Rarely do we consider the resources that are necessary to make those works of art available to the public on a daily basis, from the structurally safe buildings that must be able to both handle a continual stream of visitors and also protect the artwork in a climate-controlled environment, to the number of staff members needed to guard the art, clean the buildings, sell the tickets, tear the tickets, lead the tours, etc. Additionally, the most celebrated works of art draw large masses of visitors to the cities in which they are held, which can create a social and environmental strain on the host city.

These factors recently came to the fore in Italy, where Michelangelo’s marble masterpiece David (shown above) is the centerpiece at L’Accademia in Florence, bringing in 8 million euros worth of ticket sales each year. However, instead of helping Florence cope with the strain of hosting so many tourists, that money goes to the Italian government. While Renaissance marvels such as Michelangelo’s David are responsible for making Florence one of the most visited cities in the world, the city of Florence does not in itself benefit financially from having the well-known statue in its midst.

Matteo Renzi, the mayor of Florence, brought this discrepancy to light and requested that the revenue from David be transferred to Florence instead of the Italian government.
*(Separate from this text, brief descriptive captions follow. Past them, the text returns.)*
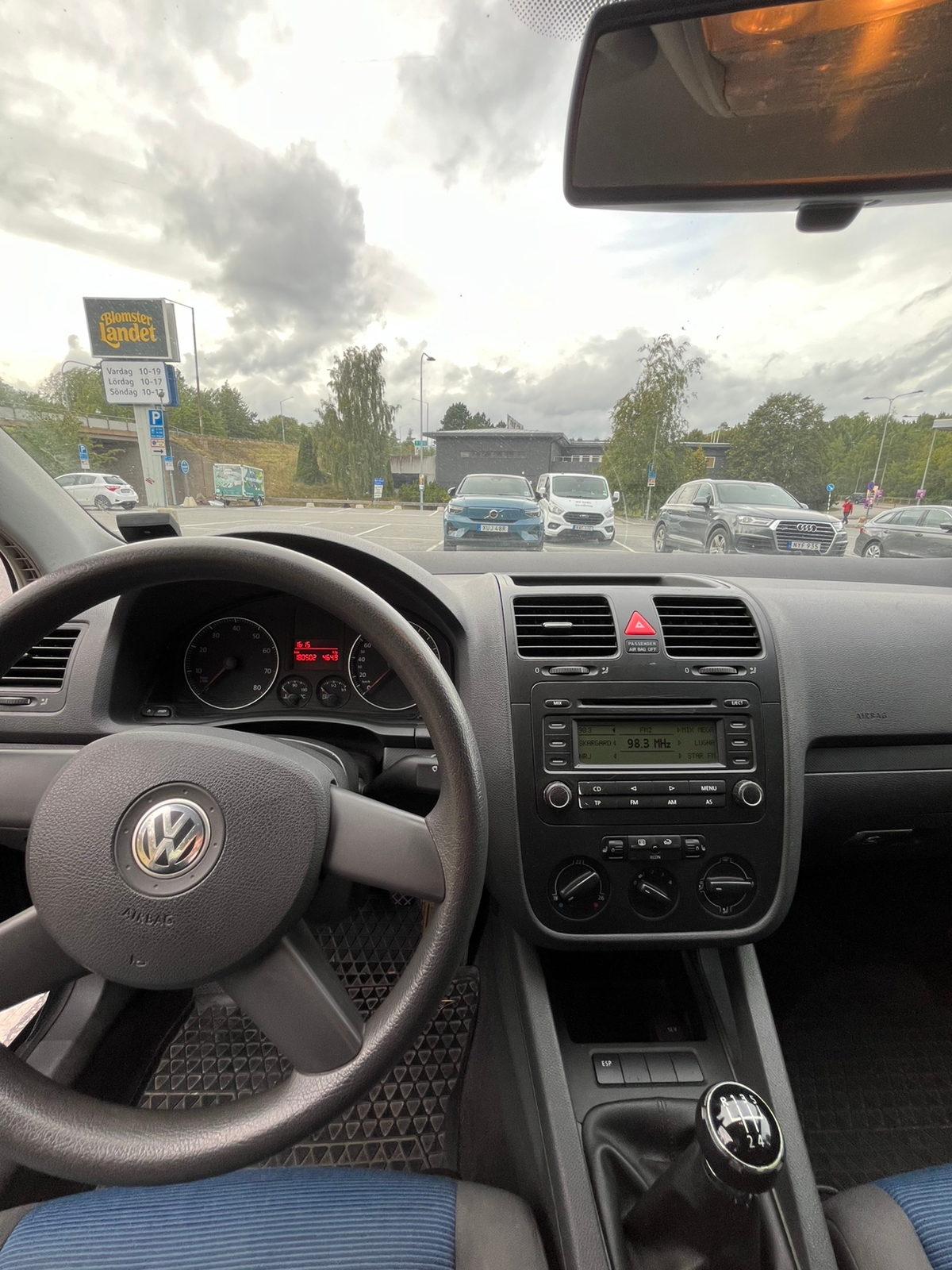 Volkswagen Golf V 5-dörrar 1.6 Manuell 2005, bild 8/8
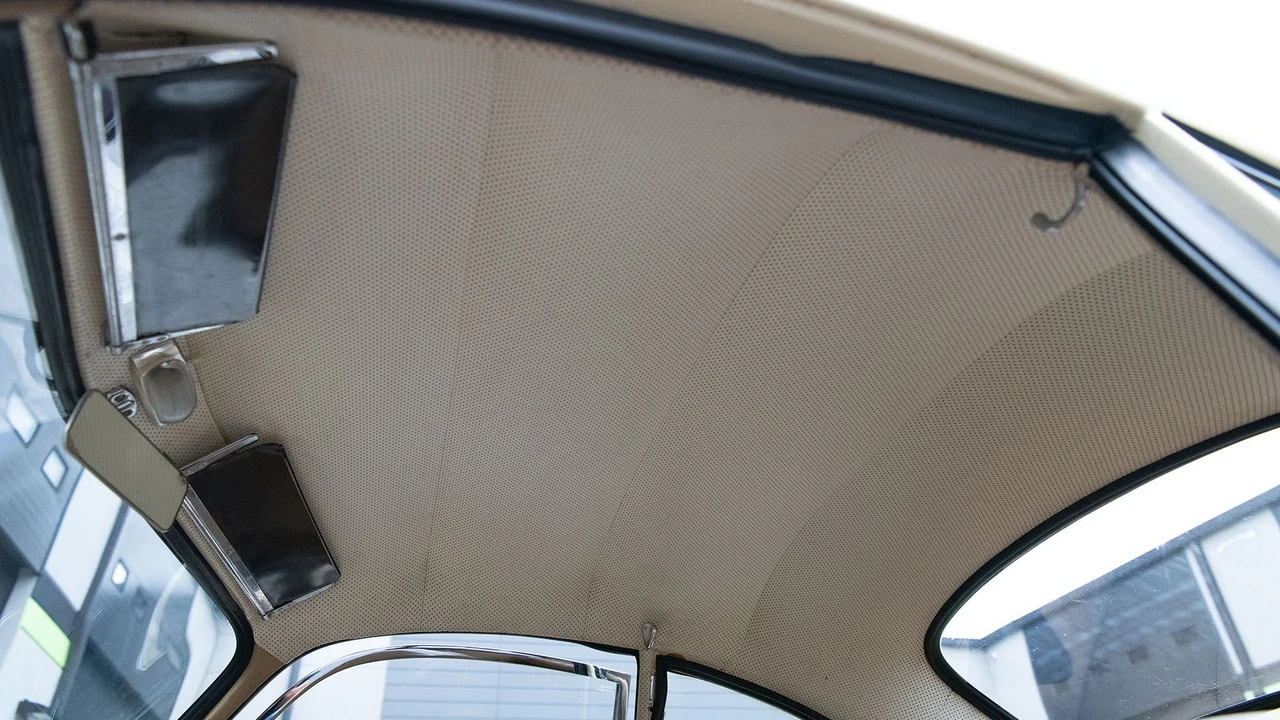 1955 Porsche 356 Pre-A - Image 11 of 31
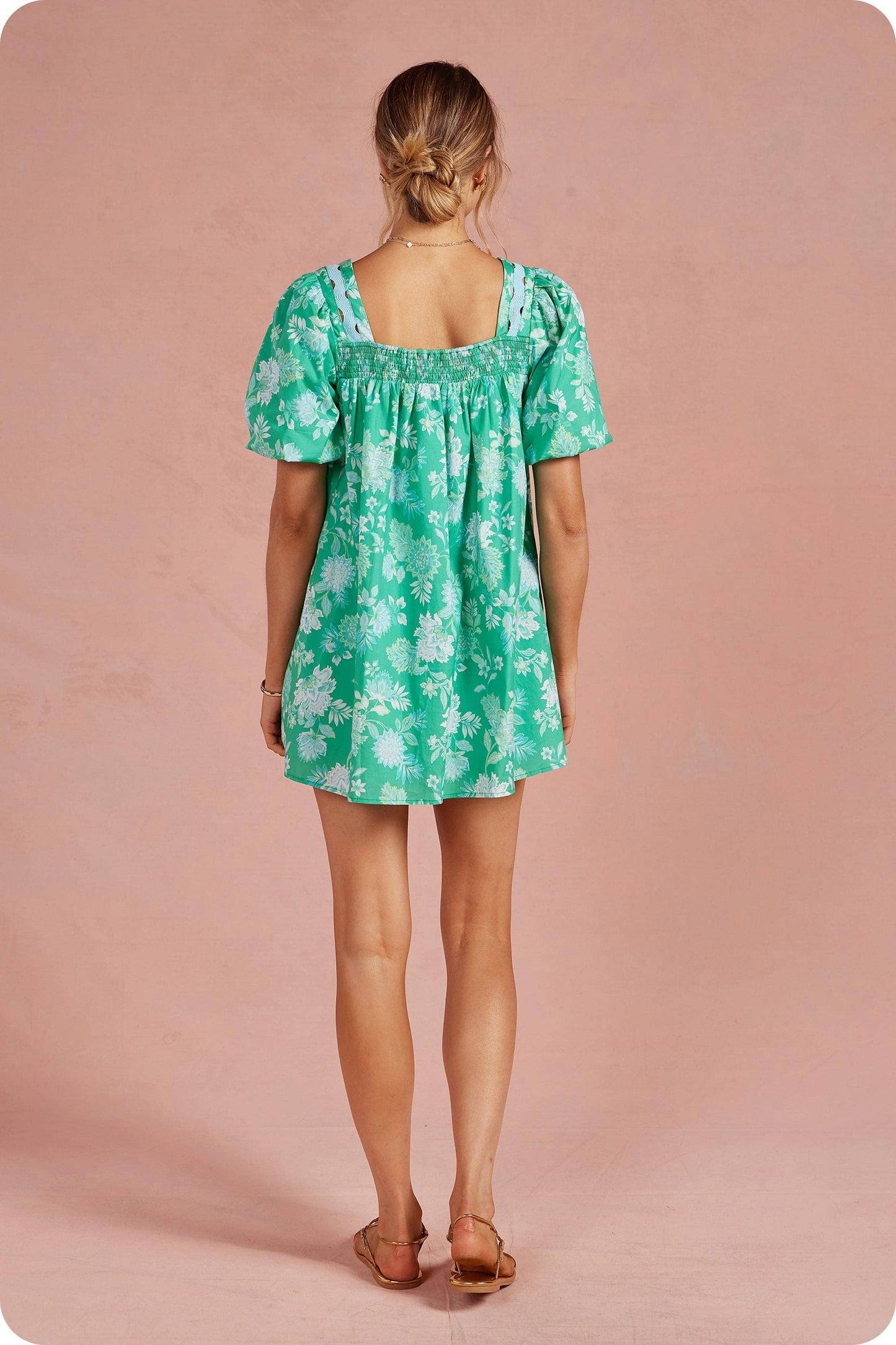 Bloom & Swoon Blumen-Garten-Kleid mit Ric-Rac-Bordüre und Puffärmeln in Kelly-Grün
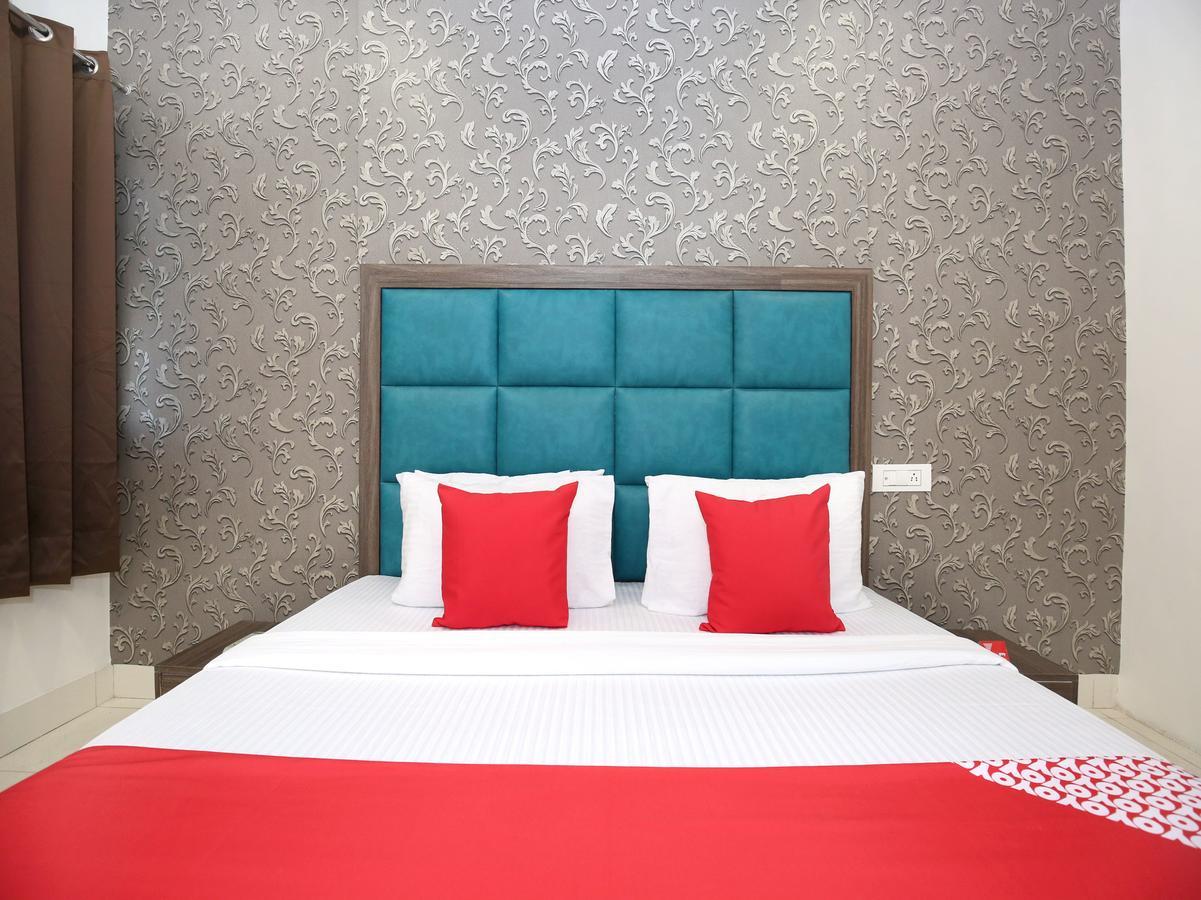 Oyo 12354 Hotel Sangreela Amritsar Eksteriør billede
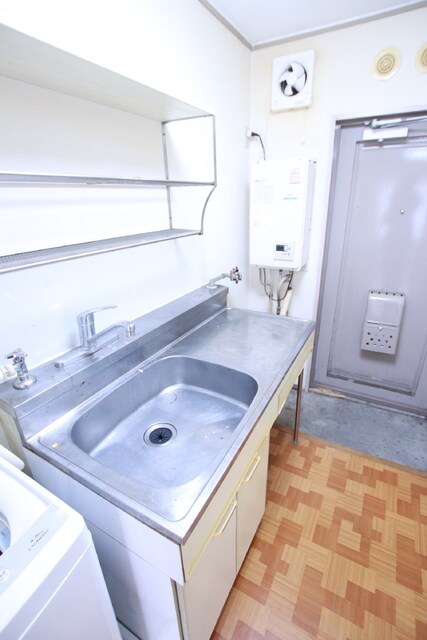 物件内観写真11　(★クリーニング前参考写真となります★)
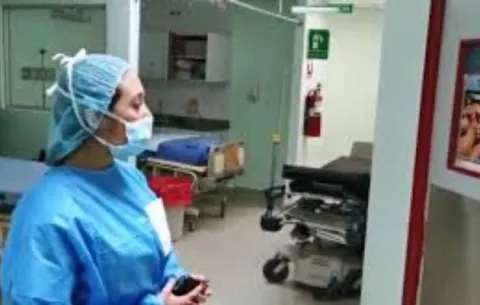 Cifra de pacientes hospitalizados por COVID-19 va en aumento;  autoridades del Minsa y la CSS analizan alternativas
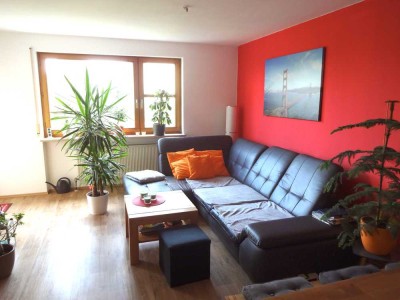 Lichtdurchflutete Zwei-Zimmer Wohnung in Roth Zentrum mit Balkon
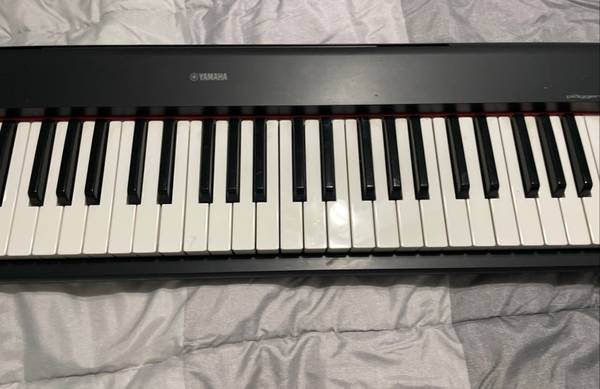 Yamaha NP-11 Keyboard Piano Touch responsive with midi - $80 (Seattle)63444059262465122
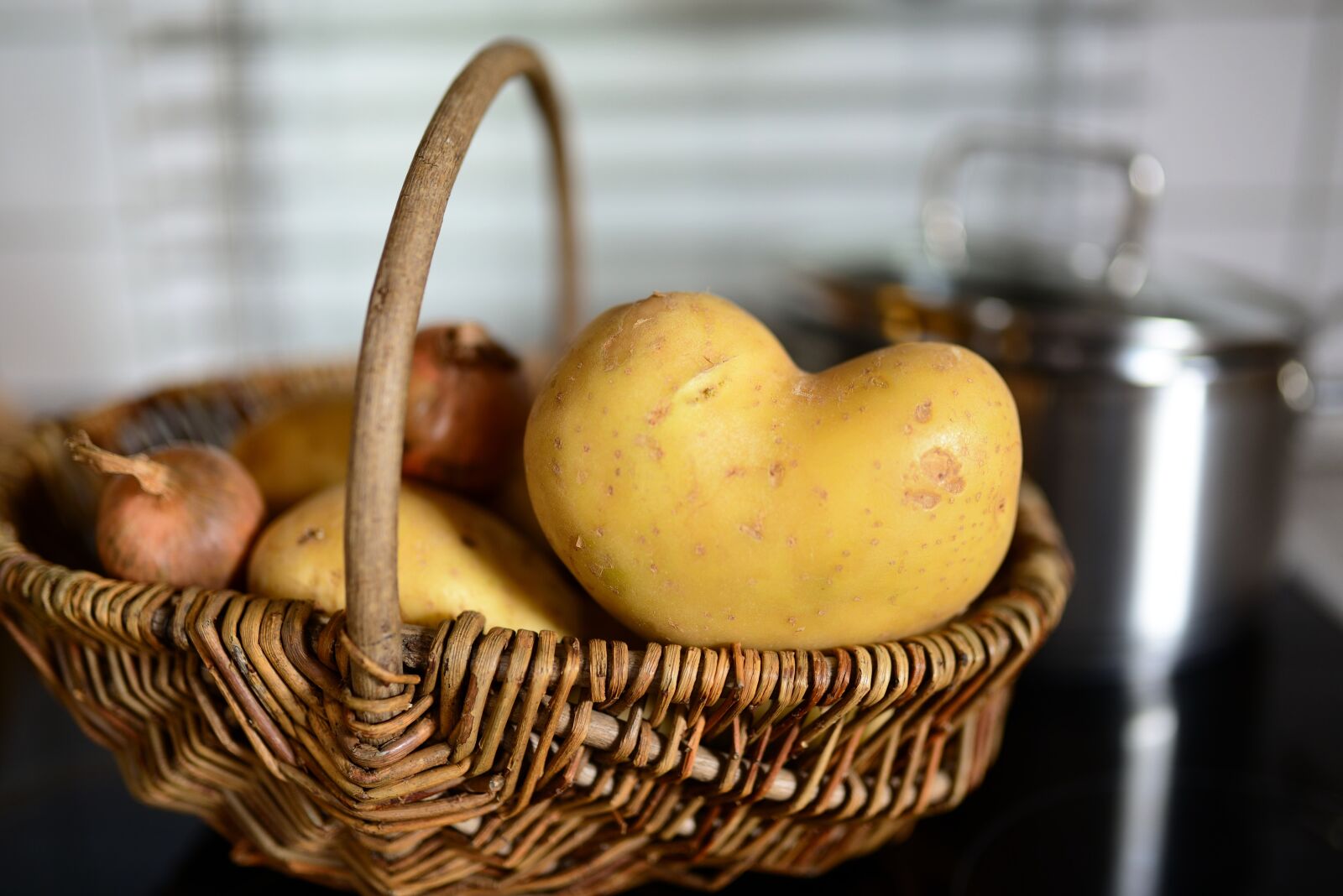 Nikon D610 sample photo. Potato, potato heart, vegetables photography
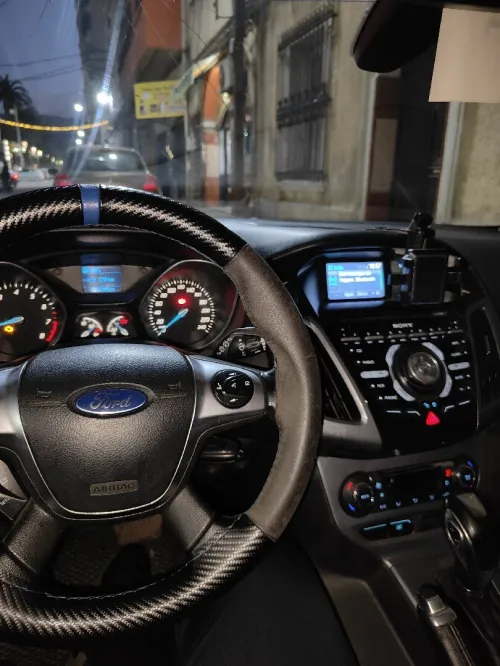 Ford Focus 5 portes 2014 Titanium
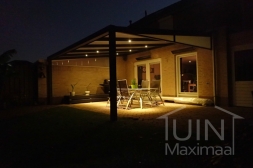 Moderne Gumax Terrasoverkapping in mat antraciet van 5,06 x 3,5 meter met polycarbonaat dakplaten inclusief Gumax® verlichting, glazen spie en spie op schutting Moderne Gumax Terrasoverkapping in mat antraciet van 5,06 x 3,5 meter met polycarbonaat dakplaten inclusief Gumax® verlichting, glazen spie en spie op schutting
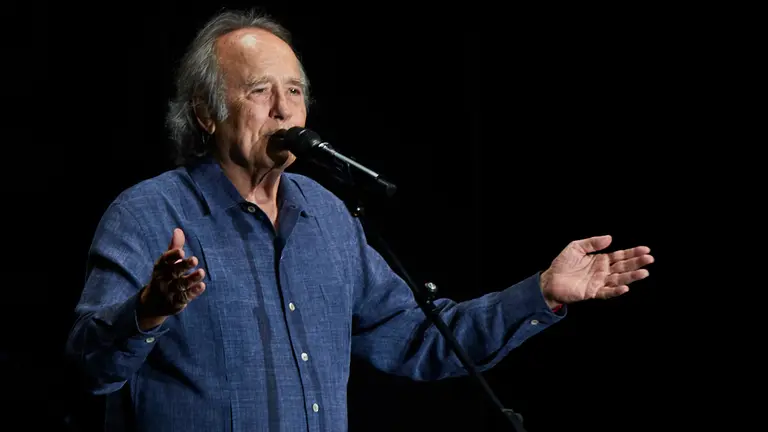 Concierto de la gira 'El vicio de cantar 1965-2022' de Joan Manuel Serrat, con la que se despIde de los escenarios, en el Navarra Arena de Pamplona. IÑIGO ALZUGARAY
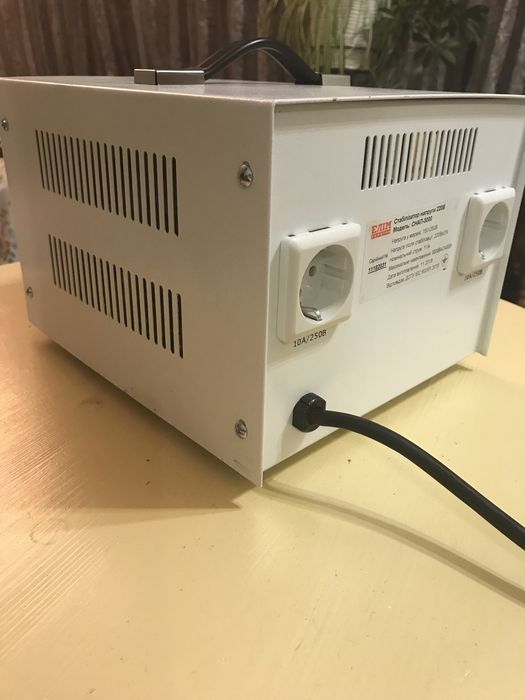 Стабілізатор напруги Елім Снап-3000    2,4 кВт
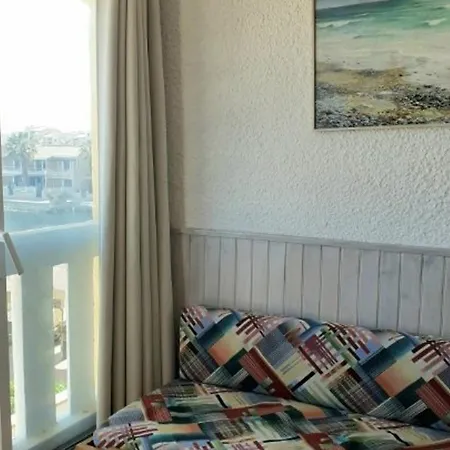 Bel 4 Personnes Avec Piscine, Parking Privé Et Vue Marina - Fr-1-81-238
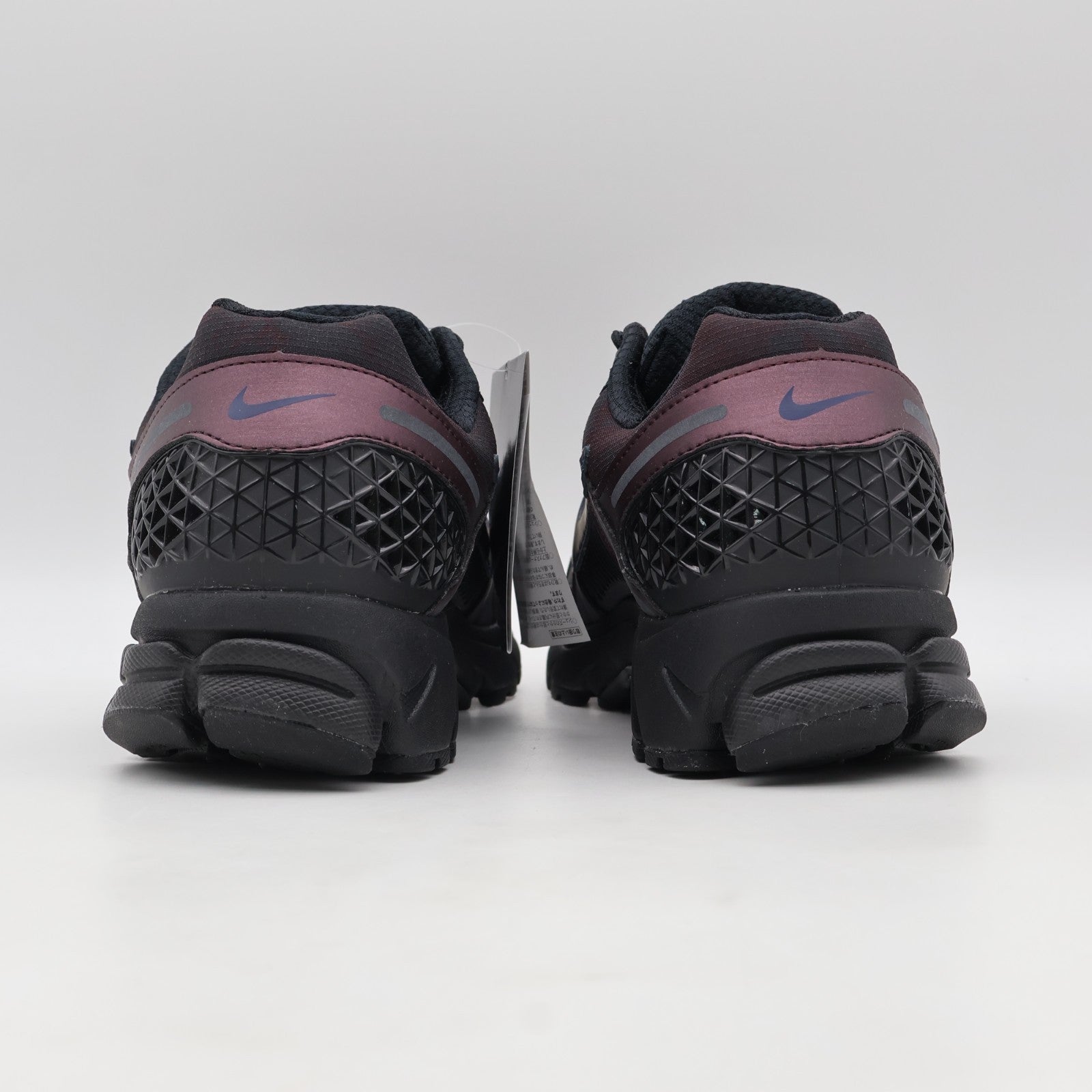 HQ4052-600 Nike Zoom Vomero 5 Burgundy Crush Midnight Navy Black (Women's)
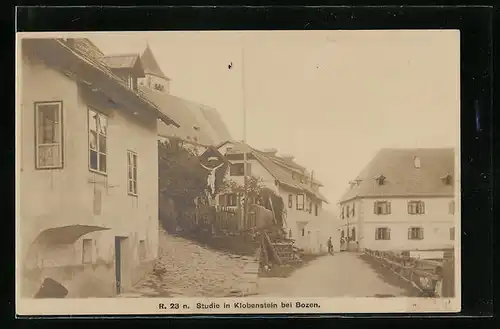 AK Klobenstein, Ortspartie mit Flurkreuz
This opened an investigation into who or what is the true owner of the celebrated statue. Both the city of Florence and the Italian government claim ownership of the statue and both dispute the other’s sense of entitlement to the revenues.

The debate will continue until either a consensus is reached or the revenue is shared fairly with Florence. In the meantime, thousands of visitors per day will stream past Michelangelo’s David as Florence continues to pay for the upkeep while Italy pockets all the profits.